The Objects That Mark the Transition
There is a particular satisfaction in replacing an object that was decided under pressure with one that was genuinely chosen. The kitchen table corner replaced by a proper desk. The spare dining chair replaced by something that supports the back through a working day. The cable running along the skirting finally managed. These are not large changes. They are the kind of changes that compound — that make a room feel, cumulatively, as though it was designed rather than assembled from necessity.
The desk is the anchor of these changes, and it is the decision that determines the quality of everything else in the room. A desk that was ordered under pressure in 2020 — functional, forgettable, chosen for availability rather than quality — will be the visual centre of a room for as long as it remains in it. Replacing it with something chosen is not a luxury. It is the decision that makes every other investment in the room worthwhile.
The Julia standing desk from Hulala Home is one of the objects that marks this transition from improvised to intentional. A motorised, height-adjustable workstation with a solid wood surface, clean square edges, built-in drawer, and built-in cable management — available in Cocoa Walnut and Light Oak. It is not office furniture relocated into a home. It is domestic furniture designed for the room it will live in: for the wooden floor it will stand on, for the light that falls on it in the morning, for the quality it maintains when the laptop is closed and the room returns to itself.
What a Grown-Up Home Office Looks Like
A grown-up home office is not a corporate showroom installed in a spare room. It is not a curated Instagram backdrop or a productivity influencer’s perfectly lit desk setup. It is something quieter and more durable than either of those things: a room that functions fully as a workspace during working hours and fully as a room outside them.
That means a desk that reads as furniture when the screen is off — something with the material quality to belong in a room rather than to occupy it. It means a chair that was chosen for the back, not inherited from the dining table. It means light that serves both the working day and the evening. It means storage that closes, cables that are not visible, a surface that stays clear because the desk itself has a drawer rather than because you have decided to be tidier than you historically are.
It means, in short, a room that was designed — even if simply, even if gradually, even if one considered choice at a time.
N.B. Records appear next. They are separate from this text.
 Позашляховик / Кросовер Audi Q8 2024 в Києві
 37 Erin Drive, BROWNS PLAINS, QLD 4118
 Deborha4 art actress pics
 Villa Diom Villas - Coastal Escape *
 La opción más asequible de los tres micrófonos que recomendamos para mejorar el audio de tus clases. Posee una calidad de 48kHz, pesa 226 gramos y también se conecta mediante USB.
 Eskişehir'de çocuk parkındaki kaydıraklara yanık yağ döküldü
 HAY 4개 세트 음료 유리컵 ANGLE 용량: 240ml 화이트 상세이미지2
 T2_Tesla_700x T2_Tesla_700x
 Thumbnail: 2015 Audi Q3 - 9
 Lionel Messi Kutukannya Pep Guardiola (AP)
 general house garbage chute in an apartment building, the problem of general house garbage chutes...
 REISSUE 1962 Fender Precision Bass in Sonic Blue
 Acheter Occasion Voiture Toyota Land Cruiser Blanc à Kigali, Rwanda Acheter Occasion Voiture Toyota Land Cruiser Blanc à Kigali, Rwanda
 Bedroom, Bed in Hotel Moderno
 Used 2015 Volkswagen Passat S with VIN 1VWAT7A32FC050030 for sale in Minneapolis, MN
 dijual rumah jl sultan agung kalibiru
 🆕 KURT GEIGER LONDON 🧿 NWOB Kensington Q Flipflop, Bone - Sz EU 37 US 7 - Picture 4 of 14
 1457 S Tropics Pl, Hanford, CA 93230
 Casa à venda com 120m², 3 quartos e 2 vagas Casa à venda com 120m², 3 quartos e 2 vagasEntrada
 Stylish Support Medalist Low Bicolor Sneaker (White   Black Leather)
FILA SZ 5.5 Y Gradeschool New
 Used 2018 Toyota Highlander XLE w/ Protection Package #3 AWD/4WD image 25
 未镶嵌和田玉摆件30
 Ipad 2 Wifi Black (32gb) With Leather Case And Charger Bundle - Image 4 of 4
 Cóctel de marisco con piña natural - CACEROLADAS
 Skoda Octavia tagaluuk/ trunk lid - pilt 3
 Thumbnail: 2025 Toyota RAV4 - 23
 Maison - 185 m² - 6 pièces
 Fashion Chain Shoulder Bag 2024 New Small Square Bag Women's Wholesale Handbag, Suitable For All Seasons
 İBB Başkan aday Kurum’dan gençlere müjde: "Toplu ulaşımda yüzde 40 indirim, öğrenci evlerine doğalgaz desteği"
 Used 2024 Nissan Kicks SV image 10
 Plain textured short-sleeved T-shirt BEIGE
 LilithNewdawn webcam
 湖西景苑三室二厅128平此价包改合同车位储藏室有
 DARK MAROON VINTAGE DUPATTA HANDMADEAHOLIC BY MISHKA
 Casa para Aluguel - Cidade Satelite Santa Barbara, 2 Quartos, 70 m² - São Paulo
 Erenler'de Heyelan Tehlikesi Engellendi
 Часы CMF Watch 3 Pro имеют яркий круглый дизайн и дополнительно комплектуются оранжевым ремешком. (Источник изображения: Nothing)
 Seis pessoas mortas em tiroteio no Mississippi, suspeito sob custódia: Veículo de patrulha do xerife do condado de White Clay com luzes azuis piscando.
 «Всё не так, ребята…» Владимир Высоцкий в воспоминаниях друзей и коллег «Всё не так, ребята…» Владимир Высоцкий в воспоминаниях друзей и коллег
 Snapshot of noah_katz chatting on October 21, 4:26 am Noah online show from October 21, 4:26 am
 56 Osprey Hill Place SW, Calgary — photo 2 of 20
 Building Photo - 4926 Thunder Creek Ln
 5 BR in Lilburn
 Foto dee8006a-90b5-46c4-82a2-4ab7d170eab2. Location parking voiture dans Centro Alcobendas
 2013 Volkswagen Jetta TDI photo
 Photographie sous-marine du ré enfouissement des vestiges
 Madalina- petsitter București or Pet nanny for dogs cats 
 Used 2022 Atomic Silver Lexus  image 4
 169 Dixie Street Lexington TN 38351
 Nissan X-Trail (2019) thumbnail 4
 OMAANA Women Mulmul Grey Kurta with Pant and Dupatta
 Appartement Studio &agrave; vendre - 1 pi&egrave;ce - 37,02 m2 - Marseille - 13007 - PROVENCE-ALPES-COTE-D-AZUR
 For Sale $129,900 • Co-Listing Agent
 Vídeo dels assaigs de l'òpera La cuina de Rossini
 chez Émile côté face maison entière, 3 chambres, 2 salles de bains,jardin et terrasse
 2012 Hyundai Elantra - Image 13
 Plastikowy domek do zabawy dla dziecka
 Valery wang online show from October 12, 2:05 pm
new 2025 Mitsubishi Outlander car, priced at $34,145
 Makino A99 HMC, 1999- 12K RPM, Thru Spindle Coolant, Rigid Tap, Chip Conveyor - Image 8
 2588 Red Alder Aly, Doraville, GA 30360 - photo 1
The home office that began as crisis infrastructure in 2020 deserves, five years on, to be the room you chose. Not the room you ended up in.
The Choice That Matters Most
People upgrading their home offices in 2025 are asking the same question in different forms: where do I start? The answer, consistently, is the desk. Not because the desk is the most emotionally resonant object in the room — that is usually the chair — but because it is the most visually dominant one. The desk sets the material register of everything around it. Choose a desk with a laminate surface and an aluminium frame, and every subsequent choice in the room will be pulled toward the visual grammar of the corporate office. Choose a desk with a solid wood surface and a warm base, and the room has permission to be domestic.
The most important decision in a home office is not the monitor size, not the broadband speed, not the ergonomic chair specification. It is the desk. Everything in the room radiates from it — the lamp position, the storage solution, the anti-fatigue mat, the wall behind it. Get the desk right and the rest of the room has a foundation to build from. Get it wrong and no subsequent investment will quite fix the room.
The home office has grown up. Five years of hybrid working have given us the time, the stability, and the reason to stop accepting the improvised arrangement and start making the considered one. The room you work in every day deserves the same attention you would give to any other permanent room in your home. The desk is where that attention starts. Choose it accordingly.